● **The task**:
Among the records below, find the line with "2017 Kia Optima SXL Turbo" and the line with "Kapolres Tuban AKBP". Set down both and every line between, exactly and with no pictures, but nothing else.

== Provided data ==

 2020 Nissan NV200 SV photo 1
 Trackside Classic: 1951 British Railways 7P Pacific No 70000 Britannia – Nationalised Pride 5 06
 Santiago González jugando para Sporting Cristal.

===
== Provided data ==

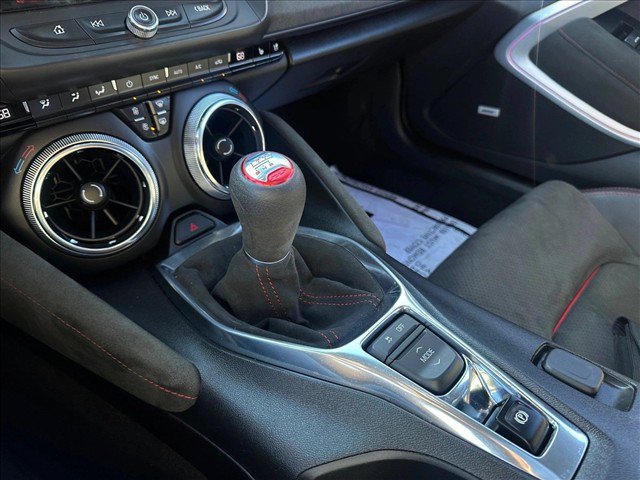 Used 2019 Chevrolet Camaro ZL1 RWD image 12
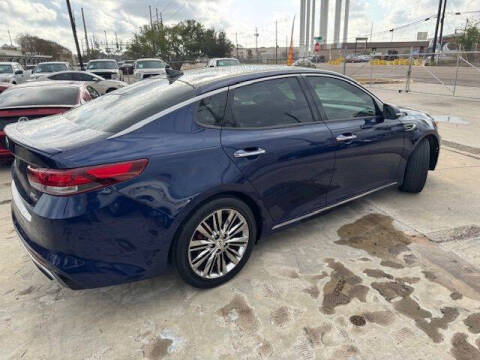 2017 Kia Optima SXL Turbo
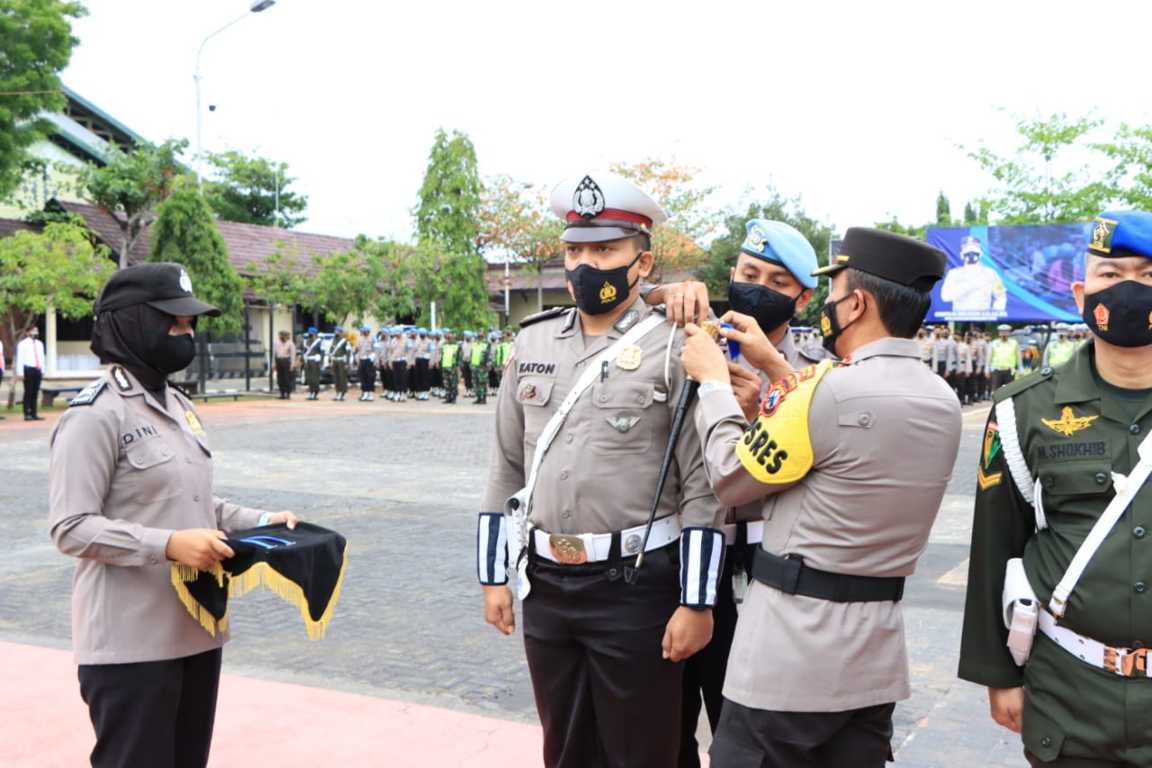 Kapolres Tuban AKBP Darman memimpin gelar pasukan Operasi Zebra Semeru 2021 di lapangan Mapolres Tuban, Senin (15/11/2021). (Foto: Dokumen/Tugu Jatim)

===

● **Your solution**:
 2017 Kia Optima SXL Turbo
 Kapolres Tuban AKBP Darman memimpin gelar pasukan Operasi Zebra Semeru 2021 di lapangan Mapolres Tuban, Senin (15/11/2021). (Foto: Dokumen/Tugu Jatim)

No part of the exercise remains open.